Впрочем, не мешая братанию на сухопутном Восточно-Европейском театре военных действий, германское командование готовило морскую операцию. После занятия Риги 21 августа противник решил уничтожить Морские силы Рижского залива и захватить Моонзундские острова, чтобы сделать из них исходный плацдарм для удара по Петрограду. Пользуясь бездействием английского флота, германское командование сосредоточило в восточной части Балтийского моря две трети своих военно-морских сил, сведенных в отряд особого назначения под командованием вице-адмирала Э. фон Шмидта (свыше 300 кораблей и судов, в том числе 10 линкоров, 1 линейный крейсер, 9 крейсеров, 69 эсминцев и миноносцев, 6 подводных лодок, около 100 тральщиков). Десантные войска неприятеля насчитывали около 25 тыс. человек, вооруженных 40 орудиями, 85 минометами и 225 пулеметами. Их воздушное прикрытие обеспечивали 94 самолета и 6 дирижаблей. Общее руководство Моонзундской операции германского флота (кодовое название — «Альбион») осуществлял командующий 8-й германской армией генерал пехоты О. фон Гутьер. Обороняли Моонзундские острова 116 русских кораблей и судов (в том числе 2 устаревших линкора, 3 крейсера, 36 эсминцев и миноносцев, 3 подводные лодки, 5 минных заградителей, 3 канонерские лодки), 30 самолетов, 10 тыс. пехотинцев и 2 тыс. кавалеристов, располагавших 64 полевыми орудиями и 118 пулеметами. Моонзундская минно-артиллерийская позиция состояла из минных заграждений, 9 береговых батарей (37 орудий) и 12 зенитных батарей (37 орудий).

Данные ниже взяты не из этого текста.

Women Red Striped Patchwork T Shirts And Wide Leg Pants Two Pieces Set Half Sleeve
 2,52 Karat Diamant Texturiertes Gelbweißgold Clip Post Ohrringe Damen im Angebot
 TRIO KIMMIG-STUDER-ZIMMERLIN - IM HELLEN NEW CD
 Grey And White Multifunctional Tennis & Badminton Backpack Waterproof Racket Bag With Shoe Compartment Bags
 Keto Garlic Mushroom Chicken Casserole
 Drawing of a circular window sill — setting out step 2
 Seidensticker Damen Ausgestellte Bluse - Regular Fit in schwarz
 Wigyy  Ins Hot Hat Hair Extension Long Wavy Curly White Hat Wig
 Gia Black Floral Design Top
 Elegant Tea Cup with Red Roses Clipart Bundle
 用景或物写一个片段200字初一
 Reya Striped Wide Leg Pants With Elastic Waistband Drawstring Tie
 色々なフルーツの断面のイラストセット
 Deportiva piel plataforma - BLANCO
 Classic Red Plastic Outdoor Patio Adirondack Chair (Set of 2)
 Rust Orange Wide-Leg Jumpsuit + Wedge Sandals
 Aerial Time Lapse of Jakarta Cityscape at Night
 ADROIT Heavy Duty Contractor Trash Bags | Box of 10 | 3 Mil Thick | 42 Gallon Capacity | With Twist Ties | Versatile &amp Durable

Надо признать, что командующий Морскими силами Рижского залива вице-адмирал М.К. Бахирев и начальник обороны Моонзундского архипелага контр-адмирал Д.А. Свешников не приняли эффективных мер по организации противодействия германскому флоту. 29 сентября высадкой десанта в бухте Тага-Лахт на острове Эзель противник начал наступательную операцию. Пользуясь численным превосходством, германские войска 3 октября овладели островом Эзель, 5 октября — островом Моон и 6 октября — островом Даго, однако понесли огромные потери. Так, оборона острова Моон продолжалась с 2 по 5 октября. Трое суток Ревельский ударный морской батальон вел бой с превосходящими силами противника. Морские пехотинцы-ударники отвергли все предложения врага о сдаче. Пришедшие русские корабли под огнем неприятеля эвакуировали оставшихся в живых героев.